Abraham’s confidence was charming, but misplaced. The next shot is of everyone standing morosely next to the trailer, stalled on the side of the road. But this isn’t a setback: It’s more like a timeout, courtesy of the universe, so that Rick can finally face the demon that’s hounded him since the beginning of the end.
Because where the rest of the group believes that they’re almost home, Rick just can’t accept that “home” is a thing within reach. That was the dark truth underneath last week’s inspirational speech: That Rick didn’t actually believe that the time would ever come when they’d stop doing what they have to do—when they’d stop surviving and get to live. Perhaps, too, part of him doesn’t want it to stop. This is a man who has found his strength, his purpose, in making the journey and staying alive. What happens to that man when he reaches a destination? What sins will he have to confront, when he’s not struggling every day just to survive?

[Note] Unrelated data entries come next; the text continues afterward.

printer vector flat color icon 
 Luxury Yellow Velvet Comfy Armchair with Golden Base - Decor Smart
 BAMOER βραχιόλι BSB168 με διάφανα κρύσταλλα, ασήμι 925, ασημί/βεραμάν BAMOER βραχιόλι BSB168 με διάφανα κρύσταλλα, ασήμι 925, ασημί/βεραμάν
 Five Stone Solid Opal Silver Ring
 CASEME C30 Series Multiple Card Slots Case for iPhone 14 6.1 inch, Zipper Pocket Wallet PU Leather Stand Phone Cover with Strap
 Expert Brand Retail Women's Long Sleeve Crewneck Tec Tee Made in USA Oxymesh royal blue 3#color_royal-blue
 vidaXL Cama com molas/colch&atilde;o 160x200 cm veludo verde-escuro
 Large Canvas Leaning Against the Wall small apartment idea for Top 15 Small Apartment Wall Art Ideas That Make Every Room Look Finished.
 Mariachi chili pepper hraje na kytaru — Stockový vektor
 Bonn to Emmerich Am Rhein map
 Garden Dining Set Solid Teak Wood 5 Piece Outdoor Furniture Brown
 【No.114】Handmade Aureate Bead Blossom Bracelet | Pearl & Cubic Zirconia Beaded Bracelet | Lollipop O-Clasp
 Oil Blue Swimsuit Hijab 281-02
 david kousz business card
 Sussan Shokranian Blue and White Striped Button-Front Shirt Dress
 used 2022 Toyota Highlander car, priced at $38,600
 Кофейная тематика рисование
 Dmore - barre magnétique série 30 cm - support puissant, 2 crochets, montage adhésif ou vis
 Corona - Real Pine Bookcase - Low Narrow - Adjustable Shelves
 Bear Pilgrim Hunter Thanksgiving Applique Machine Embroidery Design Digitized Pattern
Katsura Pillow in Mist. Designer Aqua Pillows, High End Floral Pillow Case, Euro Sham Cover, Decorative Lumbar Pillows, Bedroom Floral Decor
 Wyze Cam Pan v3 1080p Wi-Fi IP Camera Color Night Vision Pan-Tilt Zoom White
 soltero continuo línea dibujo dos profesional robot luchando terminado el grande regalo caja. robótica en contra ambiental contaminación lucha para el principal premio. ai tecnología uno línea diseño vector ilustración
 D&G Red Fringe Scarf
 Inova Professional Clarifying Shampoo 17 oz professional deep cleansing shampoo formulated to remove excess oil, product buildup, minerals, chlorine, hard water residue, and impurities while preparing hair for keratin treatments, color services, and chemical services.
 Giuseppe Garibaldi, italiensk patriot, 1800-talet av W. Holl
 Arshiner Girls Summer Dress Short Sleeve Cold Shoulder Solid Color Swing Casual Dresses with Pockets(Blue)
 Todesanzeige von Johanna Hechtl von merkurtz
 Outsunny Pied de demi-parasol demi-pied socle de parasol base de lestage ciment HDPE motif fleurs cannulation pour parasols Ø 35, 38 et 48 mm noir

Michonne, who has made this journey herself, tells him it’s time to find out. She’s done it herself, already; she went from surviving alone, trusting no one, to becoming part of a family. For her, the journey ended outside the prison, holding a plastic basket full of formula for a baby she’d never met.
For Rick, it ends outside the gates of the closest thing this world has to a promised land, holding that baby in his arms. They wait together, a family assembled by circumstance and by choice, in the light of the setting sun. And what awaits them inside? We won’t find out until next week, but there’s hope in Rick’s eyes, and with good reason.
Earlier in this episode, he reminded Michonne of what they heard each time they approached a gate that held horrors inside: Nothing. Nothing as they entered Terminus; nothing as they stood outside the walls of Woodbury. There was no sound at all. But here, there is. It’s faint, but it’s there. From beyond the gate, you can hear children, laughing.